Dataset entries
--- --- ---

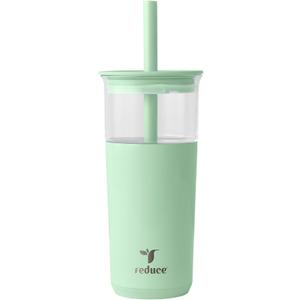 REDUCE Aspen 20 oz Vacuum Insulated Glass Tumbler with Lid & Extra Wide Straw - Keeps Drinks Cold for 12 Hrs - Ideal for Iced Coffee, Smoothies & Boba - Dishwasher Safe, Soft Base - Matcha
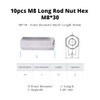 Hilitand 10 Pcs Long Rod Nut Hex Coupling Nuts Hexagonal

--- --- ---

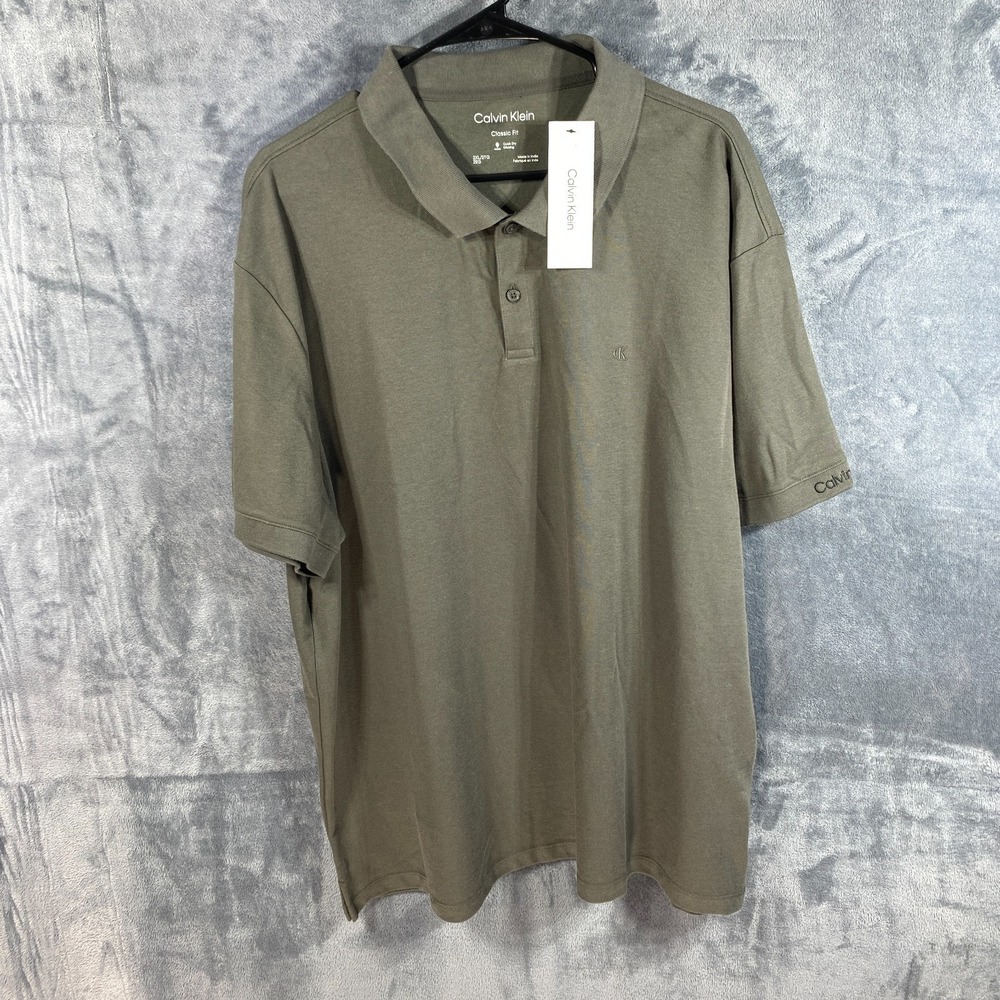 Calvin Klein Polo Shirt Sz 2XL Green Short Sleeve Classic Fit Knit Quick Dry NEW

--- --- ---

Problem details
Output exactly the lines above, beginning at the one with "REDUCE Aspen 20" and stopping after the one with "Hilitand 10 Pcs". Pictures are to be omitted.

Task result
 REDUCE Aspen 20 oz Vacuum Insulated Glass Tumbler with Lid & Extra Wide Straw - Keeps Drinks Cold for 12 Hrs - Ideal for Iced Coffee, Smoothies & Boba - Dishwasher Safe, Soft Base - Matcha
 Hilitand 10 Pcs Long Rod Nut Hex Coupling Nuts Hexagonal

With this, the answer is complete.